**Extracted records**
§ §
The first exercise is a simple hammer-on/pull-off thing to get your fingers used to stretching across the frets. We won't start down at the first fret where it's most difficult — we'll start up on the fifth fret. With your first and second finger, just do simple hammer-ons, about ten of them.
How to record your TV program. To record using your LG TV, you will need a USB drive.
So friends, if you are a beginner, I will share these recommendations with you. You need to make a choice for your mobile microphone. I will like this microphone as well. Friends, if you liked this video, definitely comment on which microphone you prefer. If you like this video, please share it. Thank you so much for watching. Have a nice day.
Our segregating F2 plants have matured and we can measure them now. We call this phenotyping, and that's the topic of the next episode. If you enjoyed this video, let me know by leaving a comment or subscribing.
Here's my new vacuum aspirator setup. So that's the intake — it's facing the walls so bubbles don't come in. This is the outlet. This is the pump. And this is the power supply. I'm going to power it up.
§ §
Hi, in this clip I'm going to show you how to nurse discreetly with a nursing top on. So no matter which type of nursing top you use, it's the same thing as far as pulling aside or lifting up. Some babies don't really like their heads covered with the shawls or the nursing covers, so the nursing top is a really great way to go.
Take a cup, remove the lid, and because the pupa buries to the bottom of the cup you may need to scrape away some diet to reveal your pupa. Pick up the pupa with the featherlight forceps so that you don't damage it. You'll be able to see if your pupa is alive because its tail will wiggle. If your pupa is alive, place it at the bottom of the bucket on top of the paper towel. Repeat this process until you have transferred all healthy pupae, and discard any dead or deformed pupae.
§ §
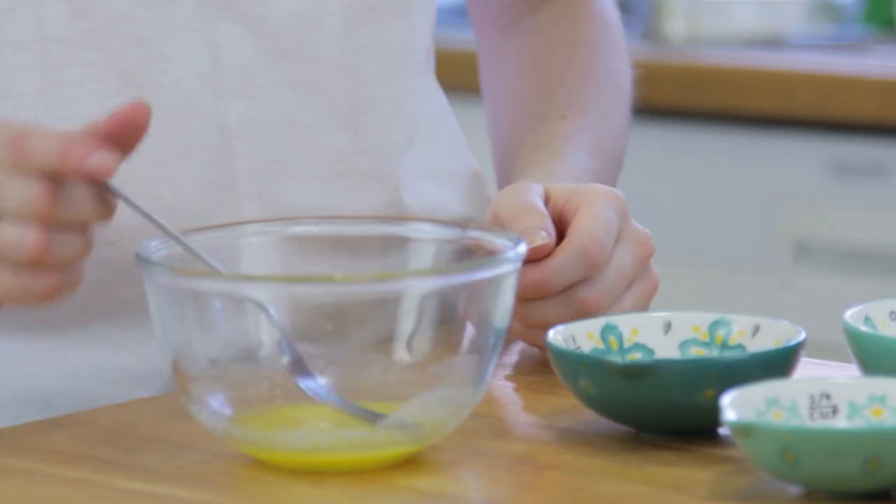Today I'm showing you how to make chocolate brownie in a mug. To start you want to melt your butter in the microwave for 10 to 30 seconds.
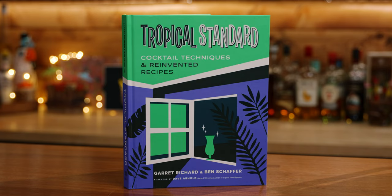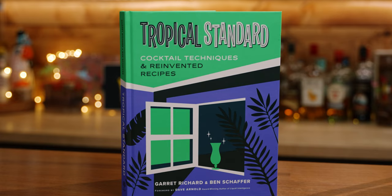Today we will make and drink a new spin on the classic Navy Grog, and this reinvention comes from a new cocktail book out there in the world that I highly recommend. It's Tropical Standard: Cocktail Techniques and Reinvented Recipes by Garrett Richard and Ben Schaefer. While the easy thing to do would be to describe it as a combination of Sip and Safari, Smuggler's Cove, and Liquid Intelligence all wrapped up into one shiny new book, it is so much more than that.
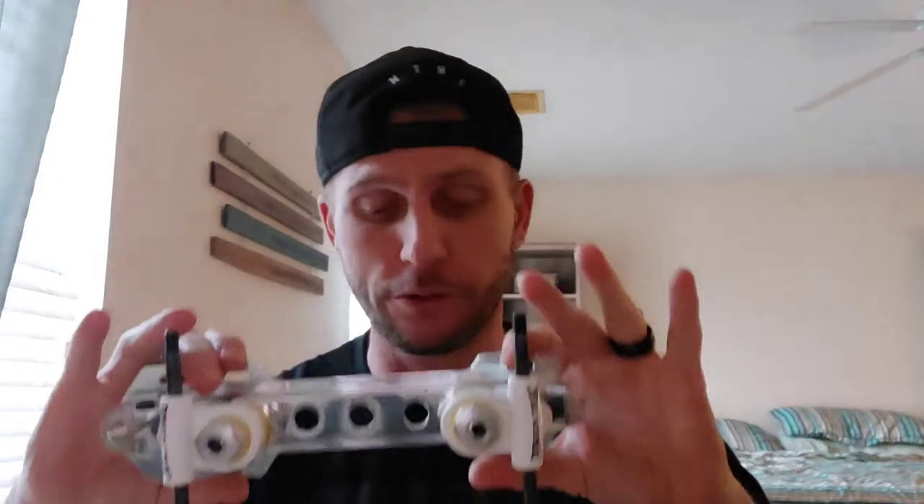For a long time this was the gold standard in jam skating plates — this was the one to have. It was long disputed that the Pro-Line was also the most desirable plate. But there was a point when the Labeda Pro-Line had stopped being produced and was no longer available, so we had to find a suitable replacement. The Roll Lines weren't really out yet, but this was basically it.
§ §
**What to work on**
Where a line in the listing above includes the string "which", copy that line.

**Solution to this exercise**
So friends, if you are a beginner, I will share these recommendations with you. You need to make a choice for your mobile microphone. I will like this microphone as well. Friends, if you liked this video, definitely comment on which microphone you prefer. If you like this video, please share it. Thank you so much for watching. Have a nice day.
Hi, in this clip I'm going to show you how to nurse discreetly with a nursing top on. So no matter which type of nursing top you use, it's the same thing as far as pulling aside or lifting up. Some babies don't really like their heads covered with the shawls or the nursing covers, so the nursing top is a really great way to go.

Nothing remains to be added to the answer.